§ Work request
Your job is to give again, exactly and with no additions, the lines in the records below from the one with "Functional Studies - Recombinant" through the one with "KCNJ1 antibody", both included. Omit the pictures.

»»

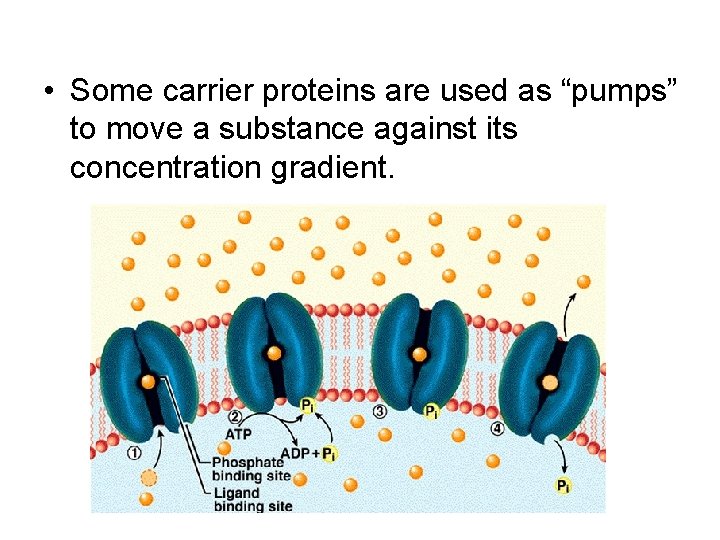  • Some carrier proteins are used as “pumps” to move a substance against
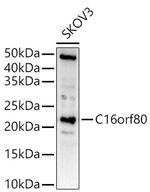 GTL3 Antibody in Western Blot (WB)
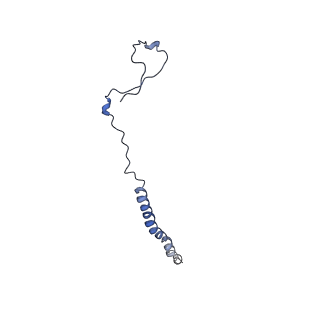 9860_6odm_G_v1-3
Herpes simplex virus type 1 (HSV-1) portal vertex-adjacent capsid/CATC, asymmetric unit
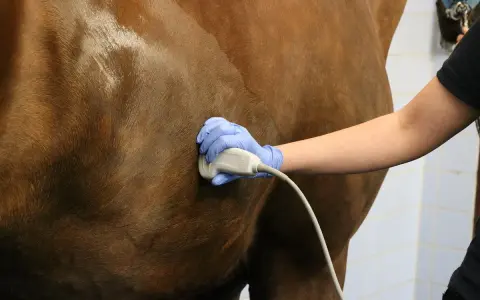Tierarzt untersucht Pferd mit Ultraschall. Mögliche Symptome für einen Tumor im Bauchraum werden abgeklärt.
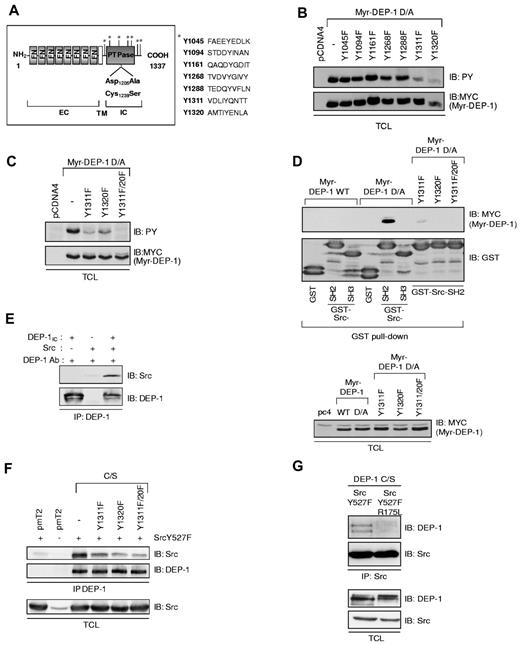 Figure 2. DEP-1 Y1311 and Y1320 are major phosphorylation sites that associate with Src via its SH2 domain. (A) Diagram representing the potential SFK tyrosine phosphorylation sites in the intracellular domain of DEP-1 according to published consensus sequences or Scansite predictions (http://scansite.mit.edu/). FN indicates fibronectin-type III-like repeats; EC, extracellular; TM, transmembrane; and IC, intracellular. (B) HEK 293 cells were transfected with “nonmutated” (−) Myr-DEP-1 D/A or the various Y/F mutants. Their tyrosine phosphorylation was detected by immunoblotting (IB) total cell lysates (TCL) with the PY99 antibody (PY). Expression levels of transfected Myr-DEP-1 were detected with a Myc antibody. (C) HEK 293 cells were transfected with Myr-DEP-1 mutated at both Y1311 and Y1320, which is not detectably tyrosine phosphorylated. (D) DEP-1 associates with the Src SH2 domain via its phosphorylated Y1311 and Y1320 residues. Lysates of HEK 293 cells transfected with the indicated constructs were incubated with GST-Src-SH2, GST-Src-SH3, or with GST alone. Association of DEP-1 with Src domains was detected by immunoblotting with the MYC antibody. The equivalent amount of GST fusion proteins used in the pull-down assay is detected with a GST antibody. (Bottom panel) Lysates of transfected HEK 293 cells were immunoblotted with the MYC antibody to show the similar expression level of DEP-1 constructs. (E) In vitro association of recombinant Src with the purified intracellular domain of DEP-1 (DEP-1IC) previously phosphorylated by Src in vitro. DEP-1IC was immunoprecipitated with DEP-1 goat antibodies and associated Src was immunodetected using the 36D10 clone. (F) The association of DEP-1 C/S and DEP-1 C/S Y/F mutants to Src was investigated in HEK 293T cells cotransfected with constitutively active Src, to induce maximal tyrosine phosphorylation of DEP-1. The coprecipitation of Src with DEP-1 and the equal expression of Src Y527F were detected by immunoblotting with a Src antibody (GD11 clone). (G) Mutation in the Src SH2 domain abrogates its ability to associate with DEP-1. HEK 293T cells were cotransfected with DEP-1 C/S and activated Src Y527F or the Src Y527F/R175L SH2 domain mutant. Src was immunoprecipitated with the mouse GD11 mouse clone, and associated DEP-1 was detected with the goat antibody. Immunoblotting of total cell lysates with the DEP-1 goat antibody or the Src GD11 antibody reveal that equal amounts of Src and DEP-1 constructs were expressed. All results are representative of at least 3 independent experiments.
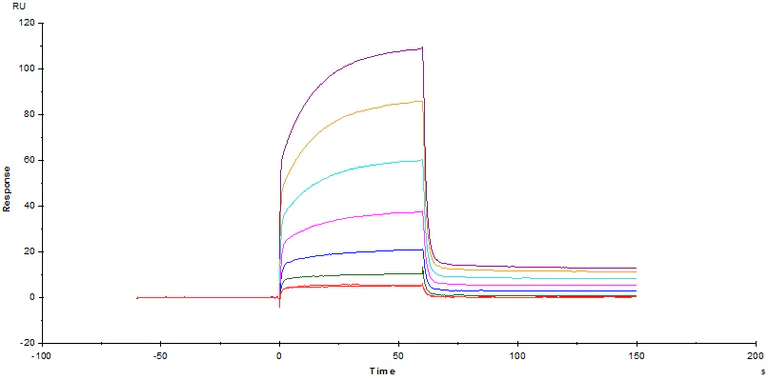 Functional Studies - Recombinant human PD1 protein (Fc Chimera Active) (AB221398)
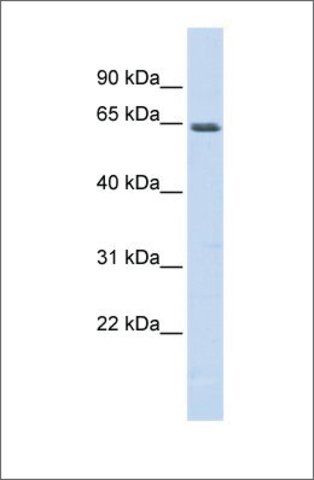 Anti-MEF2A (ab1) antibody produced in rabbit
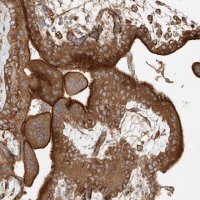 Anti-SNX9 antibody produced in rabbit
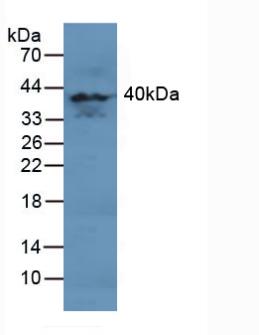 MAPK11 / SAPK2 / p38 Beta Antibody - Western Blot; Sample: Human Brain Tissue.
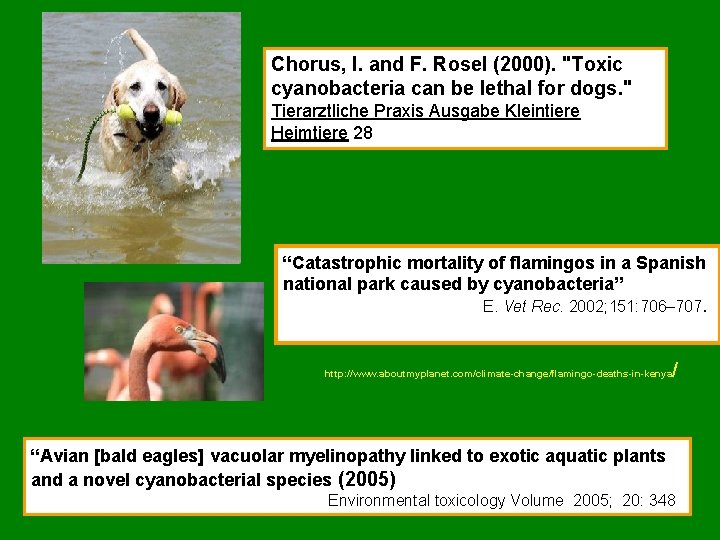 Chorus, I. and F. Rosel (2000). "Toxic cyanobacteria can be lethal for dogs. "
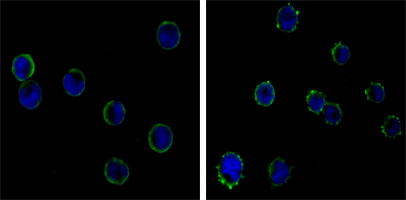 CD19 Antibody - Immunofluorescence of HL-60(left) and K562 (right) cells using CD19 mouse monoclonal antibody (green). Blue: DRAQ5 fluorescent DNA dye.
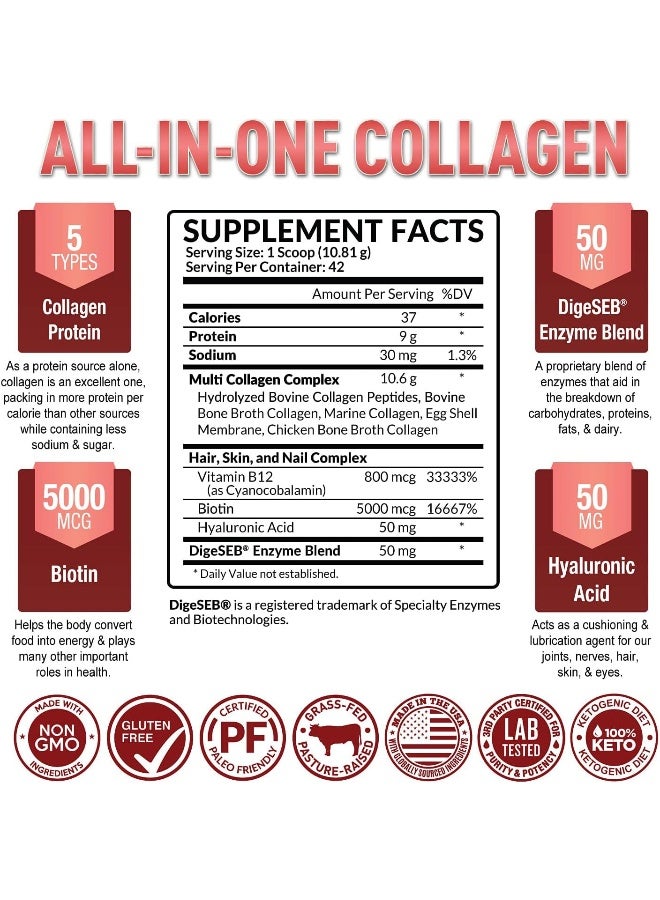 Purely Optimal Premium Multi Collagen Powder - 5 Types Of Hydrolyzed Collagen Peptides W/Biotin, Hair Skin And Nails Vitamins, Max Absorption, Bone & Joint Support - Types I,Ii,Iii,V,X - Easy Mix Unflavored (470Ml) - Image 2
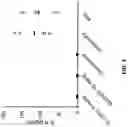 Fig. 04 - ANTIBODY TO HUMAN IL-1 BETA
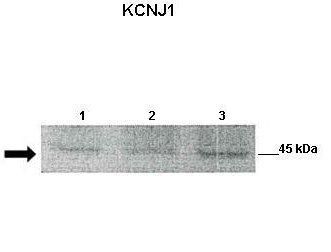 KCNJ1 antibody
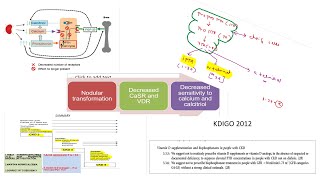 SECONDARY HYPERPARATHYROIDISM MANAGEMENT IN CKD PATIENTS POST TRANSPLANT SITUATIONS DMSEMINARS [upl. by Ramo59]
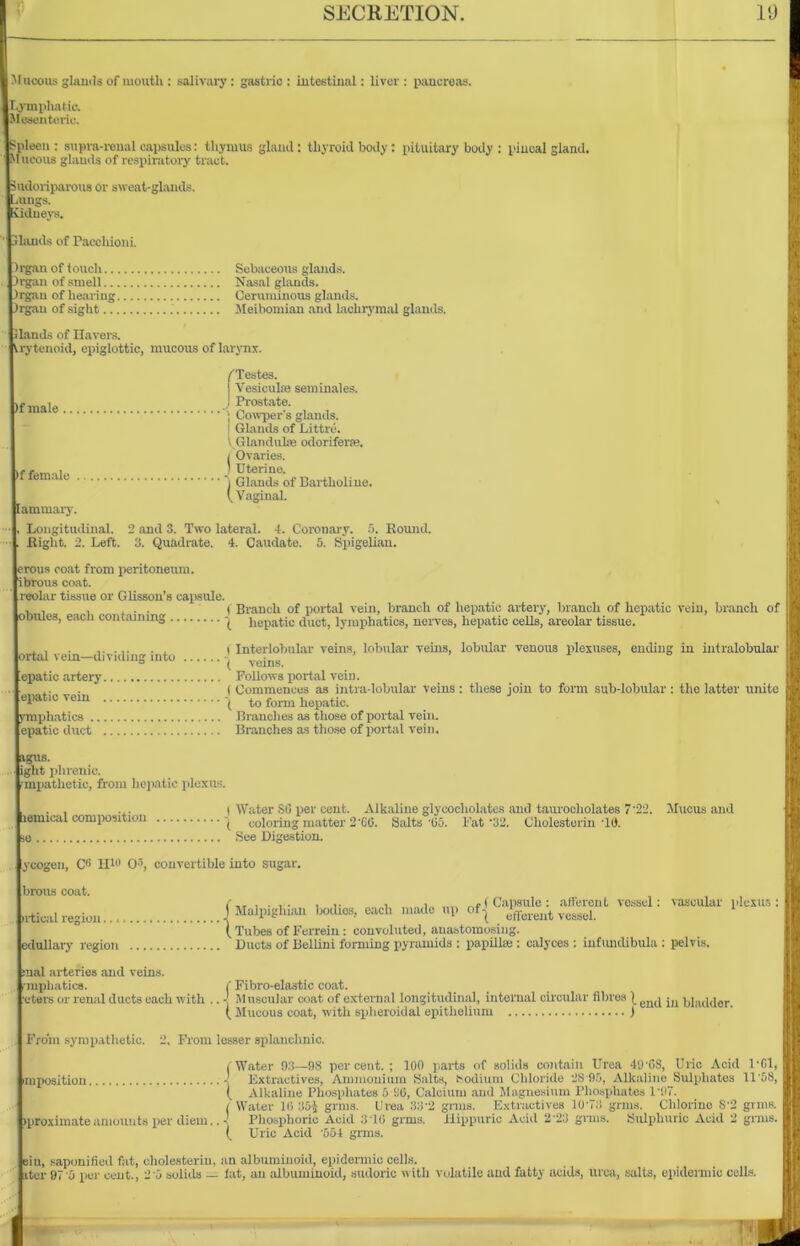 Mucous glands of mouth : salivary: gastric : intestinal: liver : pancreas. Lymphatic. Mesenteric. pleen : supra-renal capsules: thymus gland: thyroid body: pituitary body : pineal gland, lucous glands of respiratory tract. udoriparous or sweat-glands, ungs. vidueys. lands of Faechioni. 4 rgan of (ouch Sebaceous glands. ''rgan of smell Nasal glands. rgau of hearing Ceruminous glands. rgan of sight Meibomian and lachrymal glands. •lands of Havers. rytenoid, epiglottic, mucous of larynx. ('Testes. j Vesiculas sem inales. f mn)p J Prostate. ) Cowper's glands. | Glands of Littre. I Glandule odoriferse. i Ovaries. ) Uterine. 1 ) Glands of Bartholiue. (Vaginal. ammary. Longitudinal. 2 and 3. Two lateral. 4. Coronary. !>. Round. Right. 2. Left. 3. Quadrate. 4. Caudate. 5. Spigelian. rous coat from peritoneum. 'brous coat. reolar tissue or Glisson’s capsule. . . . . ( Branch of portal vein, branch of hepatic artery, branch of hepatic vein, branch of Dnies, each containing | hepatic duct, lymphatics, nerves, hepatic cells, areolar tissue. . . . , (Interlobular veins, lobular veins, lobular venous plexuses, ending in intralobular ortal vein— dividing into ’ veins epatic artery Follows portal vein. . . ( Commences as intra-lobular veins : these join to form sub-lobular : the latter unite epatic vein | to form hepatic. Tiipliatics Branches as those of portal vein. epatic duet Branches as those of portal vein, gus. gilt phrenic. •mpathetic, from hepatic plexus. . . ... I Water 80 per cent. Alkaline glycocholates and taurocholates 7’22. Mucus and emical composition -( coloring matter 2'CO. Salts -05. Fat '32. Cholesterin -10. ■e See Digestion. ycogen, O’ II10 O ', convertible into sugar. brous coat. (Capsule: afferent vessel: vascular plexus: rtieal region J Malp.gh.au bodies, each made up of^ ^-ent vessel ( Tubes of Ferrein : convoluted, anastomosing. dullary region Ducts of Bellini forming pyramids : papiilse : calyces : infmidibula : pelvis. nal arteries and veins. -mphatics. ( Fibro-elastic coat. eters or renal duets each with .. - Muscular coat of external longitudinal, internal circular fibres | >,inri,inr (.Mucous coat, with spheroidal epithelium ) From sympathetic. 2, From lesser splanchnic. (Water 93—98 percent.; 100 parts of solids contain Urea 49'68, Uric Acid l’Ol, mpositiou - Extractives, Ammonium Salts, Sodium Chloride 28 95, Alkaline Sulphates 11'58, ( Alkaline Phosphates a 96, Calcium and Magnesium Phosphates 1'97. ( Water 16 35£ grms. Urea 33'2 grins. Extractives 10‘73 grms. Chlorine S'2 grins, proximate amounts per diem.. - Phosphoric Acid 310 grms. Hippuric Acid 2'23 gnus. Sulphuric Acid 2 gnus. ( Uric Acid ’554 grms. in, saponified fat, cholesterin, an albuminoid, epidermic cells.
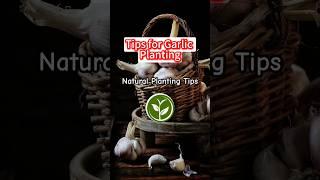 Tips for garlic planting #shortvideo #plants #garden #youtubeshorts #farming #viralvideo #garlic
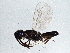  ( - BIOUG04234-D06)  @13 [ ] CreativeCommons - Attribution (2013) CBG Photography Group Centre for Biodiversity Genomics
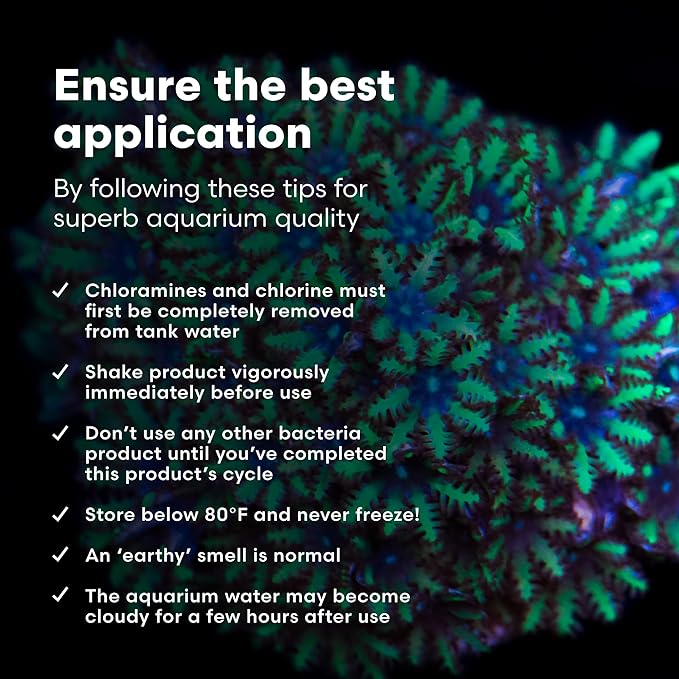 Brightwell Aquatics MicroBacter Start XLM - Concentrated Freshwater Nitrifying Bacteria - Quick Start Fish Tank Starter, Lift Microbe Levels & Water Filtering - Aquarium Water Treatments, 33.8 fl oz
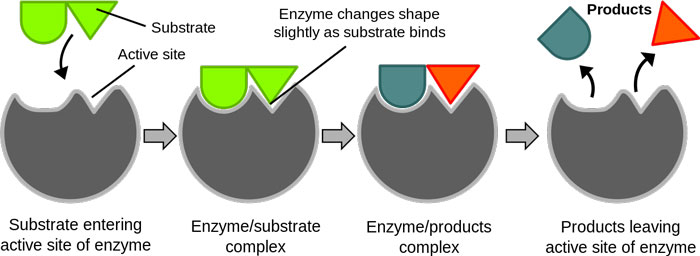 enzyme-action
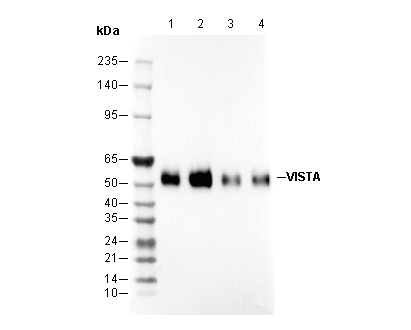 VISTA Antibody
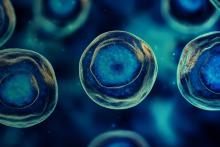 NeuroScientific Biopharmaceuticals StemSmart mesenchymal stem cells Crohns disease BNBWA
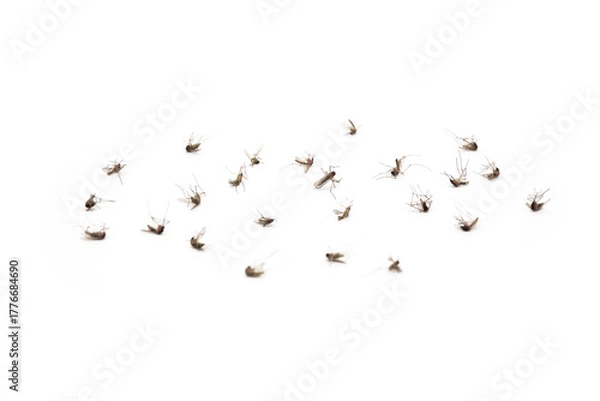 Obraz Dead mosquitoes on white background, Dangerous vehicle of zika virus, dengue virus, chikungunya, malaria and other infections.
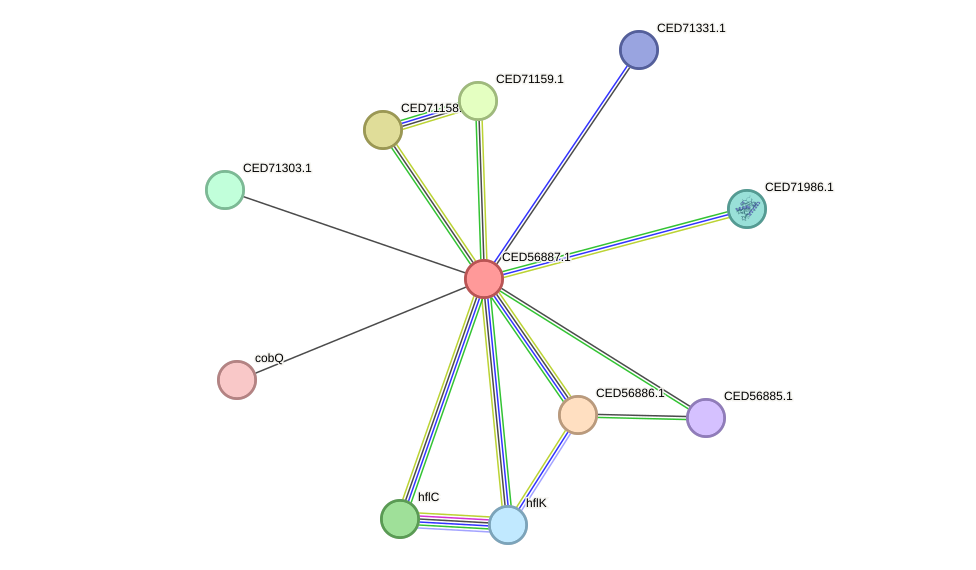 STRING protein interaction network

««

§ Answer to this problem
 Functional Studies - Recombinant human PD1 protein (Fc Chimera Active) (AB221398)
 Anti-MEF2A (ab1) antibody produced in rabbit
 Anti-SNX9 antibody produced in rabbit
 MAPK11 / SAPK2 / p38 Beta Antibody - Western Blot; Sample: Human Brain Tissue.
 Chorus, I. and F. Rosel (2000). "Toxic cyanobacteria can be lethal for dogs. "
 CD19 Antibody - Immunofluorescence of HL-60(left) and K562 (right) cells using CD19 mouse monoclonal antibody (green). Blue: DRAQ5 fluorescent DNA dye.
 Purely Optimal Premium Multi Collagen Powder - 5 Types Of Hydrolyzed Collagen Peptides W/Biotin, Hair Skin And Nails Vitamins, Max Absorption, Bone & Joint Support - Types I,Ii,Iii,V,X - Easy Mix Unflavored (470Ml) - Image 2
 Fig. 04 - ANTIBODY TO HUMAN IL-1 BETA
 KCNJ1 antibody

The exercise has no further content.